• Exercise directions:
Reproduce the entries. Each one must match the original exactly.

• Dataset:

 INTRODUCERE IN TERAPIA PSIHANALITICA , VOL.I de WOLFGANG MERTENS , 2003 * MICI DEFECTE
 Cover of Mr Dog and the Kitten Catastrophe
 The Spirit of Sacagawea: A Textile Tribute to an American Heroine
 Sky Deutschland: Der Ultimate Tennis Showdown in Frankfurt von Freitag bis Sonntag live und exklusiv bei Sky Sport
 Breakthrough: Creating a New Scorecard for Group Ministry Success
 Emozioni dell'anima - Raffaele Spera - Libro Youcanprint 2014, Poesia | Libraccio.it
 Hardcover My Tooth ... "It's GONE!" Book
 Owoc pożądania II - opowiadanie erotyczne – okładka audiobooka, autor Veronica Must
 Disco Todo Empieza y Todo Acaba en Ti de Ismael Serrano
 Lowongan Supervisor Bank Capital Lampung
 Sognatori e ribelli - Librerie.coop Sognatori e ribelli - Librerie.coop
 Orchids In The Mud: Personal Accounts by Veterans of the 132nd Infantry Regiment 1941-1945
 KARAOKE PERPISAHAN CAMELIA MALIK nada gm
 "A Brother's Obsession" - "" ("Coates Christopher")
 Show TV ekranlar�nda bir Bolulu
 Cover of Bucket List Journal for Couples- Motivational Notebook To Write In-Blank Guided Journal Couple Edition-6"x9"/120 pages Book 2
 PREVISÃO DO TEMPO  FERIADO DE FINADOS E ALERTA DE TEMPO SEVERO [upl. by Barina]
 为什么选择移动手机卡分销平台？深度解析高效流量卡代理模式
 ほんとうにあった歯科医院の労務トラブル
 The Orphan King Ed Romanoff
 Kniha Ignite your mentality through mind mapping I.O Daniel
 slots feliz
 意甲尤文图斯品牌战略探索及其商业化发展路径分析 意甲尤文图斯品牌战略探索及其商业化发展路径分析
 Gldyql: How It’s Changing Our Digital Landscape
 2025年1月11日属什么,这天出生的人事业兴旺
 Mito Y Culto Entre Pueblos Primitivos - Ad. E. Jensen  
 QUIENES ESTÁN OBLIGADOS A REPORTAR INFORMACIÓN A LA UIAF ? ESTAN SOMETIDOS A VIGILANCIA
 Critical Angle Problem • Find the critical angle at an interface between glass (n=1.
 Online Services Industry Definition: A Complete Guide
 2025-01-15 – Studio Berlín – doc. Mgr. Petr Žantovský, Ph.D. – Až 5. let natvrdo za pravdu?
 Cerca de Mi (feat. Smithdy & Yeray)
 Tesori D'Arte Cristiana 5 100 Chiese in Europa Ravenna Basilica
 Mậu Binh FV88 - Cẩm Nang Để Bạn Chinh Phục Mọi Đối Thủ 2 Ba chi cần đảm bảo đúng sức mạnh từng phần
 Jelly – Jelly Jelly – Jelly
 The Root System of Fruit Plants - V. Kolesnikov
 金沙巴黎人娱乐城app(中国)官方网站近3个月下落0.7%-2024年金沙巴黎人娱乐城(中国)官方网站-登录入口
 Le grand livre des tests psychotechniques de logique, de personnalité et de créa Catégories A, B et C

• Solution to the exercise:
 INTRODUCERE IN TERAPIA PSIHANALITICA , VOL.I de WOLFGANG MERTENS , 2003 * MICI DEFECTE
 Cover of Mr Dog and the Kitten Catastrophe
 The Spirit of Sacagawea: A Textile Tribute to an American Heroine
 Sky Deutschland: Der Ultimate Tennis Showdown in Frankfurt von Freitag bis Sonntag live und exklusiv bei Sky Sport
 Breakthrough: Creating a New Scorecard for Group Ministry Success
 Emozioni dell'anima - Raffaele Spera - Libro Youcanprint 2014, Poesia | Libraccio.it
 Hardcover My Tooth ... "It's GONE!" Book
 Owoc pożądania II - opowiadanie erotyczne – okładka audiobooka, autor Veronica Must
 Disco Todo Empieza y Todo Acaba en Ti de Ismael Serrano
 Lowongan Supervisor Bank Capital Lampung
 Sognatori e ribelli - Librerie.coop Sognatori e ribelli - Librerie.coop
 Orchids In The Mud: Personal Accounts by Veterans of the 132nd Infantry Regiment 1941-1945
 KARAOKE PERPISAHAN CAMELIA MALIK nada gm
 "A Brother's Obsession" - "" ("Coates Christopher")
 Show TV ekranlar�nda bir Bolulu
 Cover of Bucket List Journal for Couples- Motivational Notebook To Write In-Blank Guided Journal Couple Edition-6"x9"/120 pages Book 2
 PREVISÃO DO TEMPO  FERIADO DE FINADOS E ALERTA DE TEMPO SEVERO [upl. by Barina]
 为什么选择移动手机卡分销平台？深度解析高效流量卡代理模式
 ほんとうにあった歯科医院の労務トラブル
 The Orphan King Ed Romanoff
 Kniha Ignite your mentality through mind mapping I.O Daniel
 slots feliz
 意甲尤文图斯品牌战略探索及其商业化发展路径分析 意甲尤文图斯品牌战略探索及其商业化发展路径分析
 Gldyql: How It’s Changing Our Digital Landscape
 2025年1月11日属什么,这天出生的人事业兴旺
 Mito Y Culto Entre Pueblos Primitivos - Ad. E. Jensen  
 QUIENES ESTÁN OBLIGADOS A REPORTAR INFORMACIÓN A LA UIAF ? ESTAN SOMETIDOS A VIGILANCIA
 Critical Angle Problem • Find the critical angle at an interface between glass (n=1.
 Online Services Industry Definition: A Complete Guide
 2025-01-15 – Studio Berlín – doc. Mgr. Petr Žantovský, Ph.D. – Až 5. let natvrdo za pravdu?
 Cerca de Mi (feat. Smithdy & Yeray)
 Tesori D'Arte Cristiana 5 100 Chiese in Europa Ravenna Basilica
 Mậu Binh FV88 - Cẩm Nang Để Bạn Chinh Phục Mọi Đối Thủ 2 Ba chi cần đảm bảo đúng sức mạnh từng phần
 Jelly – Jelly Jelly – Jelly
 The Root System of Fruit Plants - V. Kolesnikov
 金沙巴黎人娱乐城app(中国)官方网站近3个月下落0.7%-2024年金沙巴黎人娱乐城(中国)官方网站-登录入口
 Le grand livre des tests psychotechniques de logique, de personnalité et de créa Catégories A, B et C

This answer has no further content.